Dans ce cas, la coulée n’a pas fait de victimes. Un coup de chance: l’adolescente et l’homme qu’elle avait emportés ont heureusement pu être dégagés rapidement.
A relever que les responsables de cet accident singulier n’ont rien de gamins inexpérimentés en mal de sensations poudrées: tous sont plus que trentenaires, deux d’entre eux sont médecins. Navrant.
«Puisque la simple prévention ne suffit pas, il ne faut pas hésiter à frapper fort là où ça fait mal: au porte-monnaie»
Que faire face à tant d’inconscience? Fliquer les pistes? Faire la chasse aux freeriders? Lâcher les chiens et les hélicoptères? Apocalypse Now sur Zermatt, Verbier et Montana? Bonjour l’ambiance en station…
Le ski sauvage ne date pas d’hier. Lorsque j’étais enfant, les meilleurs sur les lattes sortaient déjà des pistes pour aller «godiller dans la poudreuse», comme on disait alors. Skieur médiocre, j’ai toujours un peu envié ceux qui pouvaient laisser une trace parfaite sur une pente encore vierge…

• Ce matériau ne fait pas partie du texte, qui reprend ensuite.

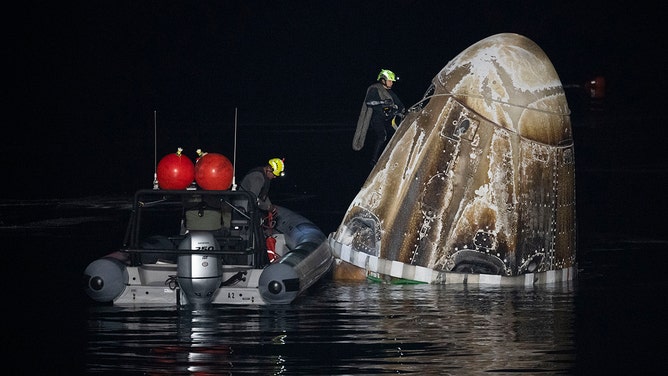 In this handout provided by the National Aeronautics and Space Administration (NASA), Support teams work around the SpaceX Dragon Endurance spacecraft shortly after it landed in the Gulf of Mexico off the coast of Pensacola, Florida, Tuesday, March 12,2024.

Aujourd’hui, les freeriders sont devenus des héros modernes. Il suffit d’assister à une projection des films de Dominique Perret, pionnier du genre, pour mesurer l’engouement que suscite ce sport auprès d’un large public (lire son point de vue en page 32). Les stations ne s’y sont d’ailleurs pas trompées, qui exploitent à fond cette imagerie fun pour promouvoir leur offre. Ce qui a poussé le Bureau de prévention des accidents à proposer l’interdiction pure et simple de ce genre de pub! Coup de sang inutile. Le freeride constitue aujourd’hui un juteux business qu’aucune interdiction ne parviendra plus à freiner.
Que faire alors? Se résigner à compter les morts en espérant qu’ils continuent de diminuer d’année en année, grâce à des équipements de randonnée toujours plus performants et des secours toujours plus rapides et efficaces?
Pas d’autre choix que de prévenir et prévenir encore, en exploitant tous les canaux pour rappeler que la montagne demeure dangereuse et que, dans l’incertitude, il vaut mieux s’abstenir.
Mais, puisque visiblement la simple prévention ne suffit pas, alors oui, il faut suivre la piste ouverte par les responsables d’Anzère en n’hésitant pas à frapper fort là où ça fait mal: au porte-monnaie. La justice valaisanne serait bien inspirée de réfléchir à deux fois avant de classer cette plainte déposée pour l’exemple.